CAT Editor: Segment persistence issue

Incident Report for Phrase

Postmortem

Introduction

We would like to share more details about the event that occurred with Phrase at 1:15 PM CEST on April 8th, 2025, and its effects, which gradually diminished until 0:11 AM CEST on April 9th, 2025. During this period, the functionality of the CAT editor was impacted, causing issues with the persistence of some users' segment adjustments. The issue affected only users who were actively using the editor at the time of deployment and didn't follow the notification to refresh their browser. Users who opened the editor after the deployment were not impacted in any case. In this report, we will outline the timeline, the root causes, and detail the measures we are taking to prevent this and similar issues from reoccurring.

Timeline

  • Apr 8, 2025 @ 13:22 CET - Go-live of a new CAT editor version. The persistence part of this version was unintentionally incompatible to the old client, which active sessions had in use.
  • Apr 8, 2025 @ 14:00 CET - Due to switching jobs or reloading the page, the affected users went down by 50%.
  • Apr 8, 2025 @ 14:29 CET - The Phrase Support team received the first report indicating a potential issue, however incoming reports coming in very low numbers.
  • Apr 8, 2025 @ 15:47 CET - As additional reports came in and resulting higher priority escalation to the development team and the team started to investigate the root cause.
  • Apr 8, 2025 @ 16:05 CET - The root cause was identify and the team assessed current impact on customers and mitigating actions; the support team started to advise users to reload the page.
  • Apr 8, 2025 @ 17:00 CET - 90% of affected users had resolved the issue.
  • Apr 8, 2025 @ 19:15 CET - Further hot-fixes were put on hold, due to the low remaining volume (4%) of affected sessions, in order to avoid further disruption.
  • Apr 9, 2025 @ 00:11 CET - The last instance of a failed segment save was observed.

Root Cause

Typically the editor team is running a ‘non breaking change' deployment approach, avoiding any kind interruption to users currently working, and thus enabling zero downtime deployments. However, a new version introduced a semantic breaking change in one of the APIs, which caused segment modifications - such as translating, editing pre-translated content, confirming, locking, and similar actions - to not be properly persistent in conjunction with the old client version.

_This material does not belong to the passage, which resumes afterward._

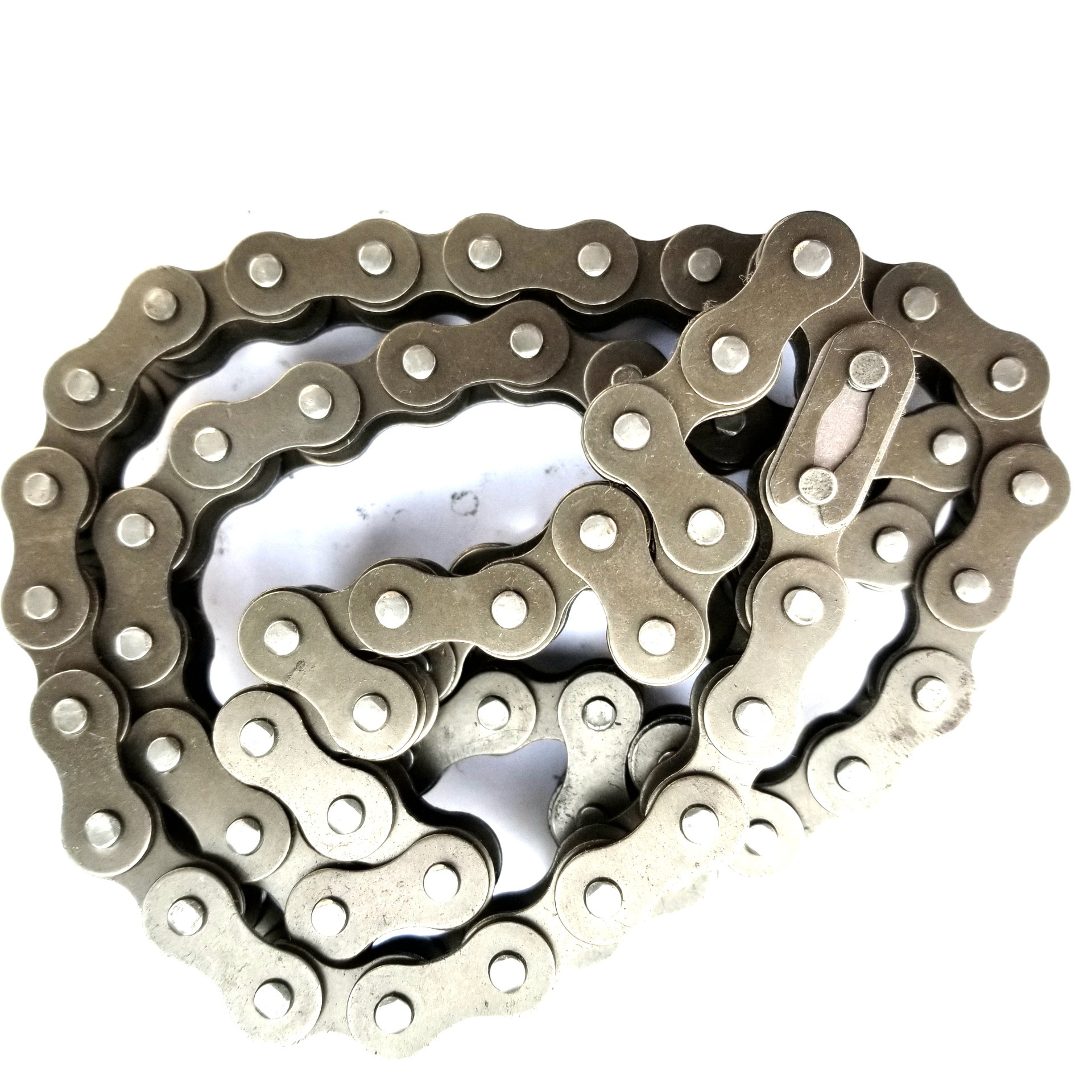 Venta al por mayor 420 bicicleta de montaña motocicleta triciclo eléctrico cadena maquinaria agrícola cadena 70 sección 80 Sección 100 sección 120 sección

This breaking change was also not caught by the automated testing suite, as the syntactic API contract was met. As the failure occurred only under specific semantic conditions, it didn't trigger general error messages: changes appeared successful in the UI but were not actually persisted. Because of this there was no visibility to the development team, as no runtime errors, logs, or monitoring alerts were triggered in the staging environment, and also no issues were reported by users during the 30-hour canary phase.

Users who opened the CAT editor after the deployment - or refreshed their session in response to the new version notification - experienced no disruption. Overall, according to our investigations a very minor percentage of all phrase customers and users have been affected.

Actions to Prevent Recurrence

  • The CAT editor team will implement additional monitoring and alerting to identify discrepancies between inbound and outbound data modifications.
  • A additional automated test step will be introduced to strengthen the quality and detect potential compatibility issues, especially those who don’t break the API contract during the development process.
Posted Apr 11, 2025 - 18:01 CEST

Resolved

A change in the new CAT editor version impacted the persistence of segment adjustments for users, who had the editor open during the deployment and didn't refresh the page.
Posted Apr 08, 2025 - 13:00 CEST